From 4b1005c7e16d29ece8cde637b6ab516595eab067 Mon Sep 17 00:00:00 2001
From: drbh <david.richard.holtz@gmail.com>
Date: Tue, 30 Jul 2024 17:20:40 +0000
Subject: [PATCH] fix: attempt forward on flash attn2 to check hardware support

---
 .../layers/attention/cuda.py                  | 35 +++++++++++++++++++
 1 file changed, 35 insertions(+)

diff --git a/server/text_generation_server/layers/attention/cuda.py b/server/text_generation_server/layers/attention/cuda.py
index c0c4da4d..19ce294b 100644
--- a/server/text_generation_server/layers/attention/cuda.py
+++ b/server/text_generation_server/layers/attention/cuda.py
@@ -173,6 +173,41 @@ def paged_attention(
 try:
     import flash_attn_2_cuda
 
+    # try forwarding to see if it works with all dummy inputs
+    batch_size = 1
+    num_heads = 1
+    head_dim = 1
+    seqlen = 1
+
+    try:
+        flash_attn_2_cuda.varlen_fwd(
+            torch.zeros(batch_size, num_heads, seqlen, head_dim),  # q
+            torch.zeros(batch_size, num_heads, seqlen, head_dim),  # k
+            torch.zeros(batch_size, num_heads, seqlen, head_dim),  # v
+            None,  # out (optional)
+            torch.zeros(batch_size + 1, dtype=torch.int32),  # cu_seqlens_q
+            torch.zeros(batch_size + 1, dtype=torch.int32),  # cu_seqlens_k
+            None,  # alibi_slopes (optional)

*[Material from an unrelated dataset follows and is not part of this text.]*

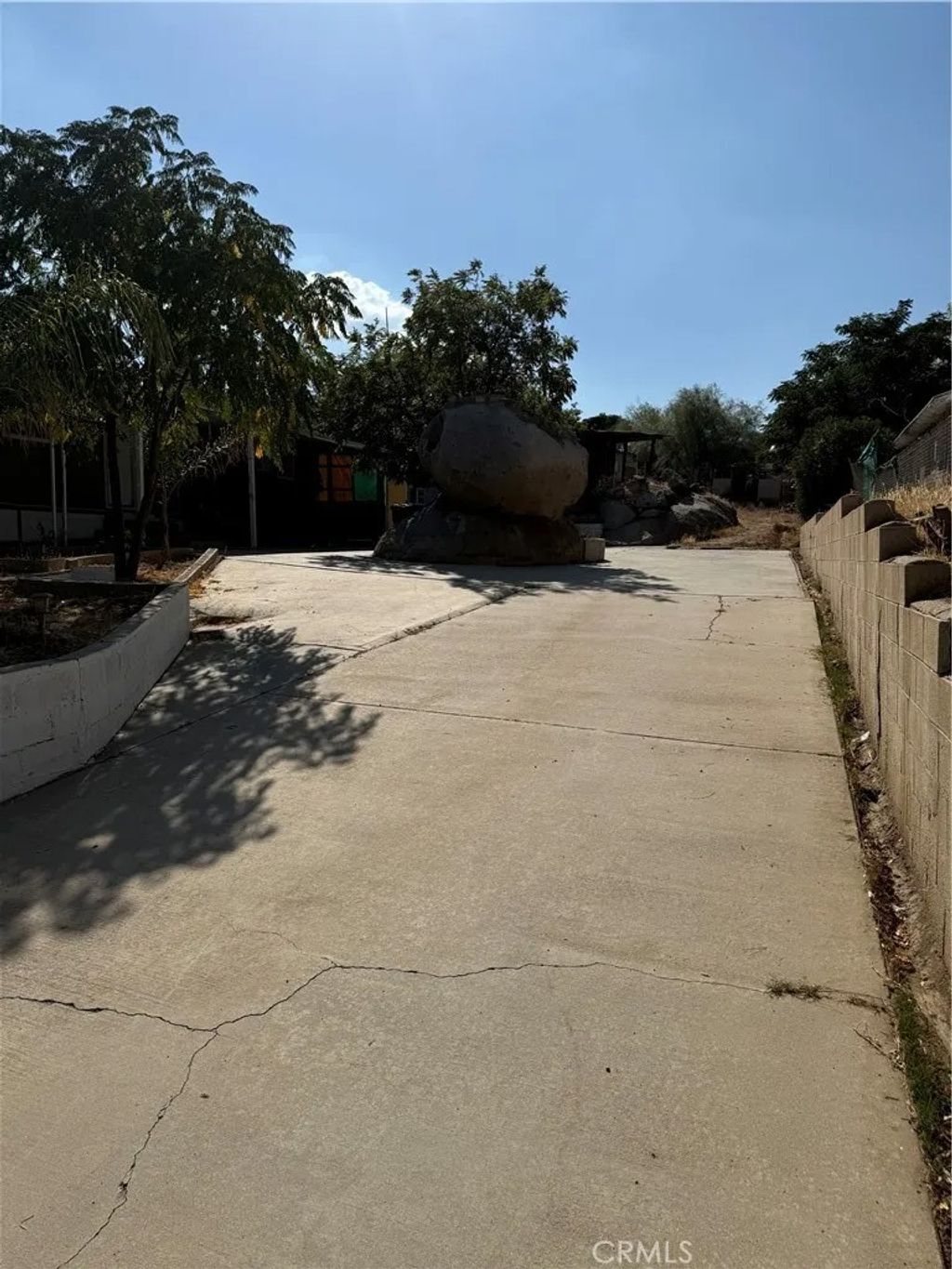 Photo of 540 Iroquois Rd, Perris, CA 92570 (MLS # SW25219040)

+            None,  # q_padded (optional)
+            None,  # k_padded (optional)
+            None,  # v_padded (optional)
+            seqlen,  # max_seqlen_q
+            seqlen,  # max_seqlen_k
+            1.0,  # softmax_scale
+            0.0,  # softmax_lse (default value)
+            False,  # is_causal
+            True,  # return_softmax
+            -1,  # window_size_left
+            -1,  # window_size_right
+            0.0,  # softmax_softcap
+            False,  # deterministic
+            None,  # rng_state (optional)
+        )
+    except RuntimeError as e:
+        raise ImportError(
+            "Flash Attention V2 is not supported on this machine. " f"Error: {e}"
+        ) from e
+
     V2 = True
 except ImportError:
     try: